My father is here. My boss, and family friend, Mr Warren is here. Other people from my work are here. Snazzles is gone. We are in a small office building, surrounded by fields containing numerous electricity terminal stations. I can hear explosions. "It's thunder," says patermunkey. But it's not. Electricity stations are infrastructure targets in any War. I can see planes in the distance, and bombs falling from their bellies. The furthest of the terminals disappear in belching flames and smoke. The ground rumbles. More planes swoop by, and the terminals in the middle distance explode. This is like waiting on the beach, watching the approach of a wave that will sweep you away.

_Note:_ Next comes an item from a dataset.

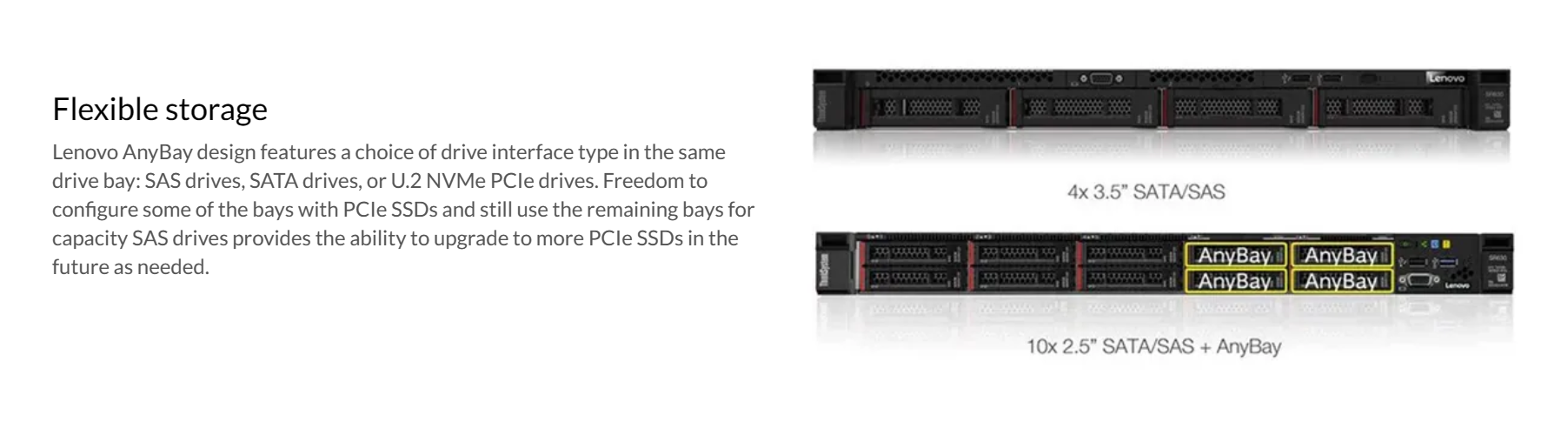 Lenovo ThinkSystem SR630 2nd Gen Intel Xeon 1U Rack server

Mr Warren is jovial. "Leanne will be shitting herself now," he jokes about his wife, who is at home, and knows that we are here. He is confident that only the terminals will be bombed, while the civilian building we are in will be safe. I am not so sure. The last remaining electricity terminal is only about 100 metres from the wall of windows through which we are watching. The planes swoop overhead. The bomb comes tumbling from their underside, like a giant, spiralling Nurofen capsule, falling in a straight line down towards the irregular metal structures of the terminal, just a stone's throw from where we stand.

"Get down!" shouts patermunkey. I am a step ahead of him. I am moving in real time, while the rest of the world lurches into ultra-slow-motion, like a Radiohead film clip. I am as far from the window as possible, in the foetal position, face down on the floor. I hear the bomb hit and explode. I feel the glass shatter and fly around me. The noise is incredible, and my eyes are closed. I do not know if the building will hold up. I do not know if there will be more bombs - a direct hit on this building. The noise continues, and I consciously relax my entire body, breathing deeply and gently. This might very well be the moment of my death, and there is nothing I can do about it. No use despairing or panicking, it is beyond my control - if this is the last feeling I will ever know, I want to know it with peaceful calm.

The noise dies away. I am still here. Covered in dust and smoke and shattered glass, but alive. Patermunkey is alive. My sister Cait is running around, scared but okay. My brother is dead. We lost him. My mother isn't here, but she's somewhere, and she's safe. I know this. The planes have left, for now. But the War will go on. Our stupid, short-sighted, conservative governments have condemned us to this fate. The corpse of my only brother lies somewhere among the ash and destruction. This meaningless hatred will claim us all, sooner or later.